Thank goodness, I was blown away by what I heard. Not only did I hear more control and clarity than ever before, but I also heard a richer sound than my system had been yielding of late. It was as though an extra layer of natural color had been added to the presentation. I was delighted.

The next day, three folks from Reference Recordings came by to scope out my system and discuss set-up for the first-ever public demonstration of RR’s HRx high-resolution CD-Rs. Although it would have been nice to have had speakers with deeper bass than a single 8″ woofer can provide, the RR folks concluded that my set-up will work just fine for the demo. After all was said and done, the system passed. — Earlier in the week, I attended San Francisco Opera’s first San Francisco in-theater showing of its new digital cinema opera presentations (http://www.thebiggerpicture.us/opera/). The venue was the Castro Theater, one of the few remaining movie palaces from the 1920s still in operation. It is also the only movie theater in town that San Francisco Opera was able to secure for these movie showings. Which is somewhat of a paradox, since 120 other sites across the country had signed on before SFO was able to secure a single venue in its hometown.

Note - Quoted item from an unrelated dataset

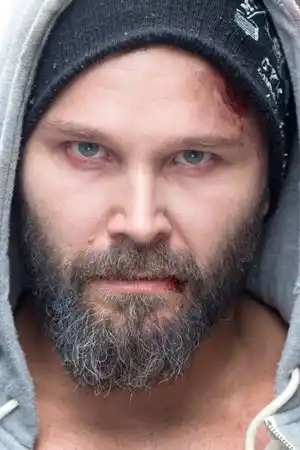 Daniel Stisen fotoğrafı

The opera was Puccini’s La Rondine. Starring soprano Angela Gheorghiu and tenor Mischa Didyk, it played to deservedly sold out houses in San Francisco last fall, and inspired this glowing review by yours truly. (http://www.ebar.com/arts/art_article.php?sec=music&article=416). The movie was shown in highest quality digital format, having been filmed and edited in the state-of-the-art Koret-Taube Media Suite, the first permanent high-definition, broadcast-standard media production facility installed in any American opera house.

The picture quality was stunning. Captured at close range, so vivid were the singers that it was possible to understand just how hard some of them were working to produce their sound. You could see the shaping of every vowel, the preparation for every phrase – the ease of some, and the intense concentration of others. Gheorghiu was literally trembling with excitement, unable to remain still through the entire first act. And Didyk was all ardor and passion, with huge amounts of force behind his sound. The experience was a revelation. You could even see the tremendous amount of effort that SFO devoted to the production. Every detail was complete – faux marble pillars, fixtures, you name it – everything had a ring of authenticity about it.

The sound system also had a ring, and not an authentic one. There was an unacceptable level of distortion that added an objectionable edge to the sound. Gheorghiu, whose voice is mostly smooth rather than pointed, fared best, while Didyk and the orchestra really suffered. By the final act, my ears had reached saturation levels. I survived by gentle placing my fingers in my ear canals – just enough to soften the sound without obscuring too much detail.

I am hoping that the problem lies in the Castro Theater sound system, and not with the technology. The picture quality is so stunning that it demands state-of-the-art sound. For the first time, I’m tempted to do what the majority of Secrets readers have done – buy myself an HDTV and Blu-ray player, and watch a mini-version of what I saw on the big screen in the privacy of my own home. But, given my income, there won’t be anything left over for speakers, let alone the Cerapucs that my main sound system needs. So, for the time being, I continue to watch operas at the Castro, and save my shekels for other things.